---------- THE DATA ----------

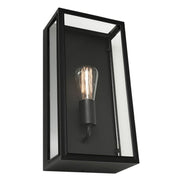 Chester Metal & Glass Outdoor Wall Light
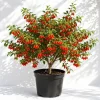 Goji Berry Live Plant, Red Fruit Bush, 4-8 Inch Tall, Perennial, Outdoor - Image 1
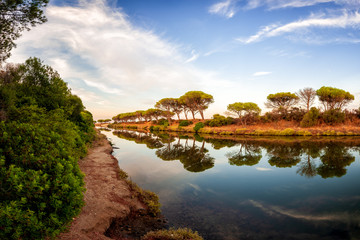 Obraz premium Overview of a stretch of the Petrosu pond, Orosei. Sardinia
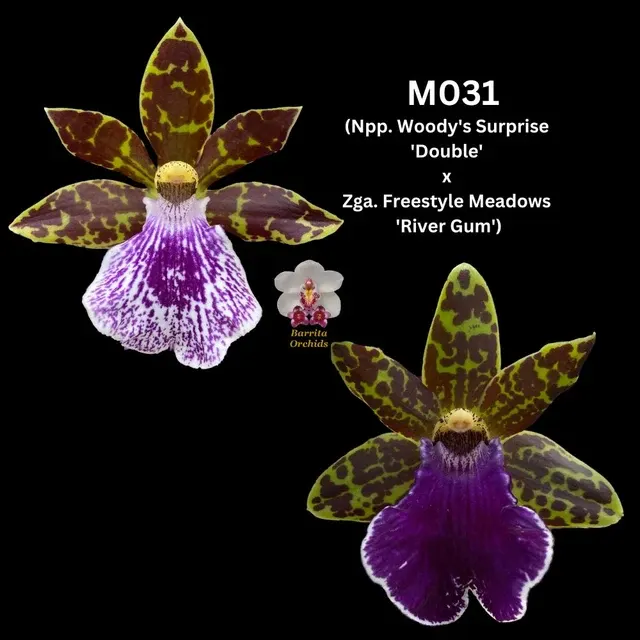 Zygopetalum Memoria Margaret Reavell (Zygopetalum)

----------

Please write out all of the data verbatim, with no pictures in the copy.

 Chester Metal & Glass Outdoor Wall Light
 Goji Berry Live Plant, Red Fruit Bush, 4-8 Inch Tall, Perennial, Outdoor - Image 1
 Obraz premium Overview of a stretch of the Petrosu pond, Orosei. Sardinia
 Zygopetalum Memoria Margaret Reavell (Zygopetalum)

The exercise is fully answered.